It hasn’t escaped us that many of our customers rely on the PerfectWave DAC as their primary music source feeding a power amplifier directly. In fact, that is our preferred method of connection. Many preamplifiers only add an extra layer of unwanted veiling and restricted dynamics to the sound. Unfortunately the MKI had no provision for adjusting the balance between the left and right channel, thus any mismatched loudspeaker pair or unequal room acoustics contributed to a slight skewed image when using the PWD directly.
The MKII solves that problem with the addition of a balance control, capable of shifting the balance between left and right in small 1/10th of a dB increments adjustable from the new (and supplied) remote control.
You view the changes in balance from the PWD’s touch screen and everything can easily be handled from the comfort of your listening position.
If you were able to view digital audio moving through a circuit board it would remind you of a busy city with hundreds of intersections, stop lights, and a maze of streets. The digital “traffic” is directed and routed through devices known as gates and these gates play a large role in audio quality. Digital gates are actually made from many transistors and it is the type of transistor and circuitry that determines, in large part, how the digital audio traffic is handled and how it will eventually sound when it is converted to audio.
Traditionally, digital switch gates are employed to manage digital traffic. However, these gates are not perfect for digital audio when sound quality as affected by jitter is an issue. It turns out that the vast majority of digital gates use a type of transistor logic that is known as “saturated logic”. This simply means that when the gate is in the fully on state, it is locked or saturated on. When it moves from this saturated on state to its off state, the point of transition can vary from device to device and even from day to day depending on temperature and other environmental factors. This unpredictable transition from on to off causes jitter and poor sound.

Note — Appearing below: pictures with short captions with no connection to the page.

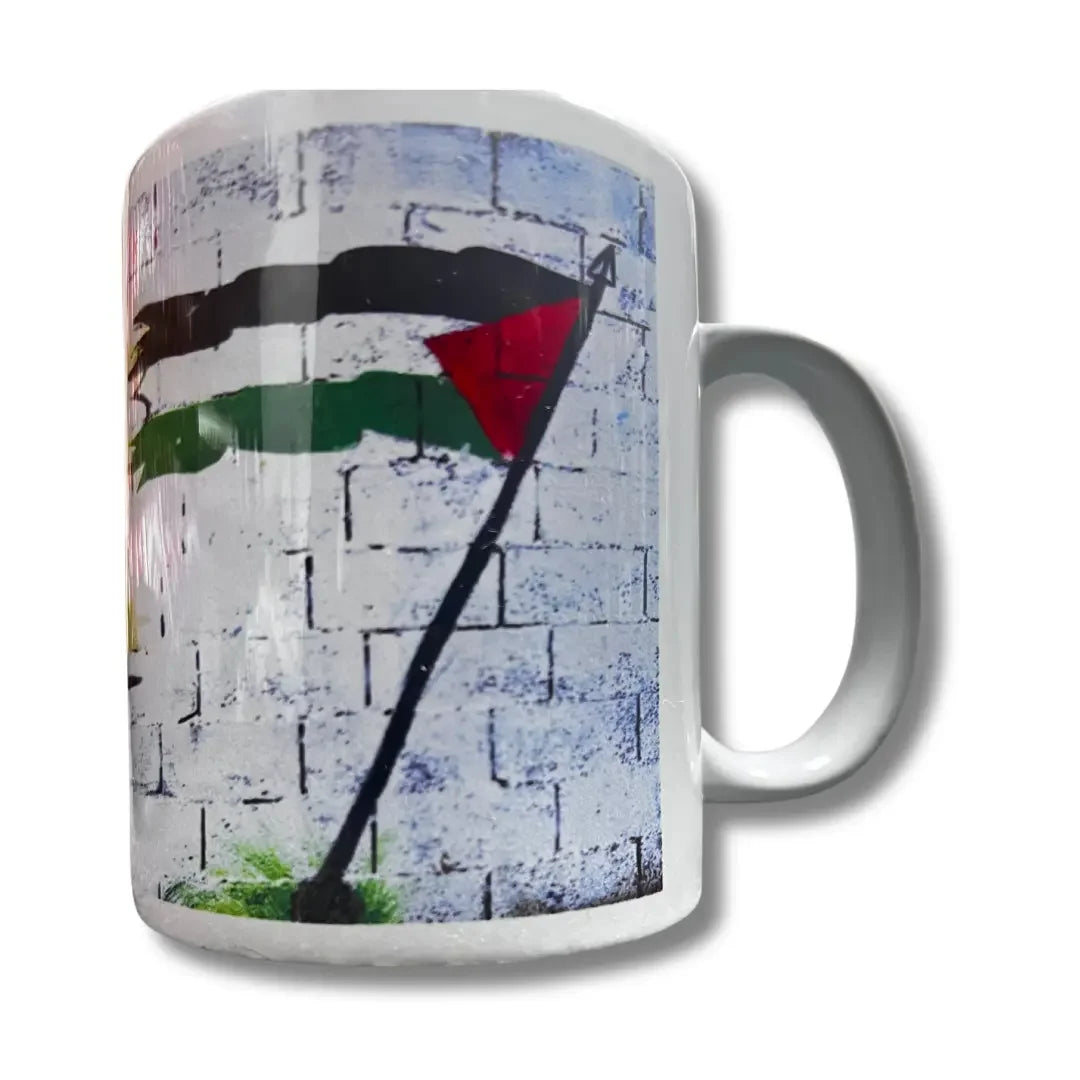 Palestinian flag coffee mug by Palestinian Elegance with graffiti style flag design on white ceramic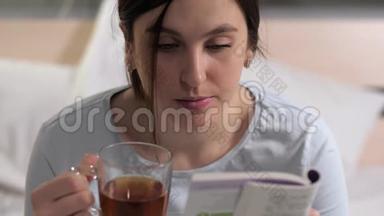 女孩在<strong>看书</strong>。 年轻迷人的白种人女人晚<strong>上</strong>坐在<strong>床上看书</strong>，喝红茶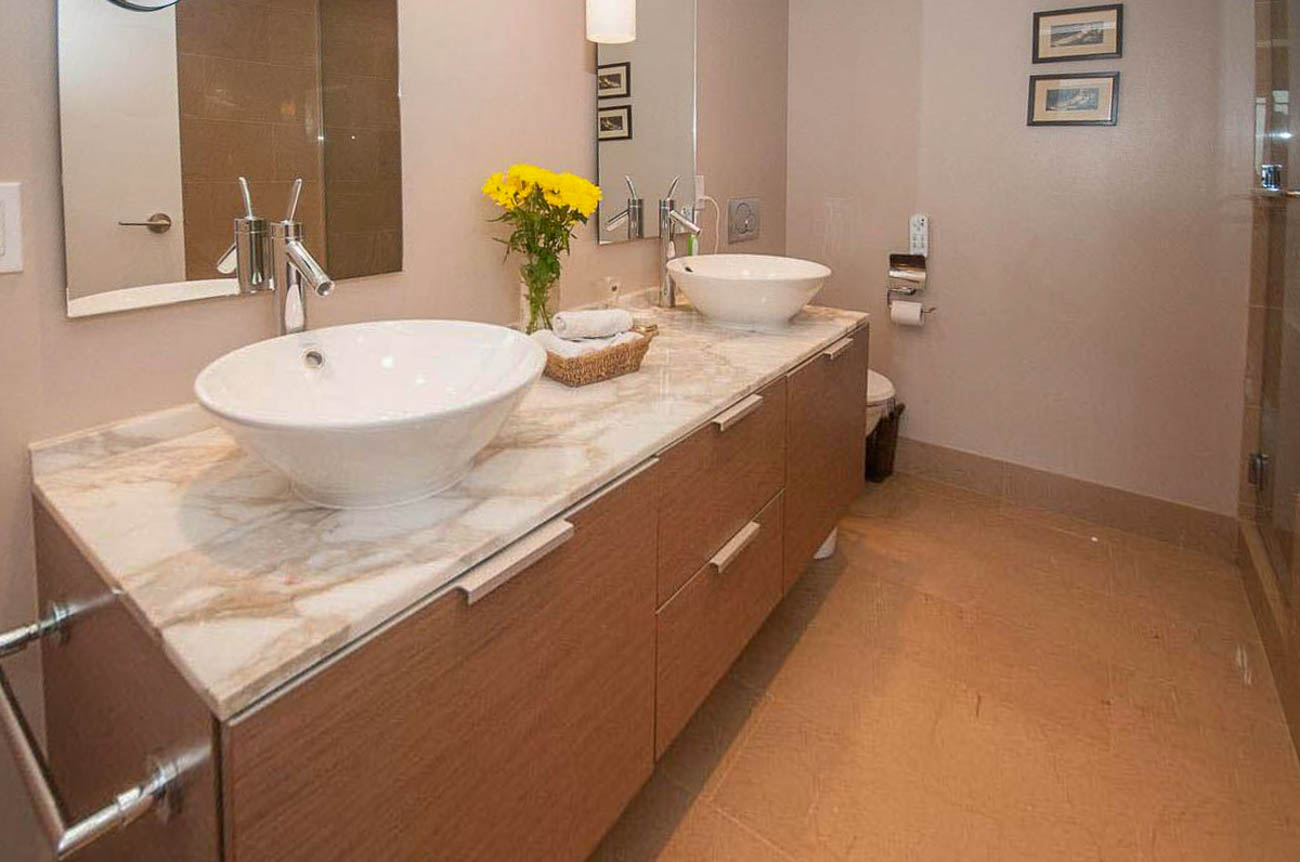 Furnished bathroom with marble countertop and modern sink, hardwood floors. - 2806 - 1111 Alberni Street, Vancouver Downtown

One way to solve this problem is to stop using saturated logic switches and, instead, use high-speed analog switches instead. CMOS analog switches do not go into saturation mode, do not add jitter or timing issues and sound remarkably better than any digital logic gate we’ve auditioned. Use of these switches in the PWD MKII is one of the core benefits of the upgrade and produces a life-like, natural analog-like presentation to the music.
Digital audio noise is one of the most difficult issues to lower in a complex digital circuit. Techniques include multi-layer PC boards, precision trace lengths for digital audio signals and spot regulation using localized power regulators at strategic points in the circuit.
Execution of the circuit board is the key to a low noise design and the MKII has all these considerations in spades. PS Engineers cleaned the decks, rolled up their sleeves and created an entirely new design for the digital processing board from scratch. Special attention was paid to a low noise design that included the addition of 11 new spot regulators, matched and measured PCB traces in critical areas to minimize reflections and maintain proper impedances and superior capacitive bypass techniques using low ESR capacitors in critical areas.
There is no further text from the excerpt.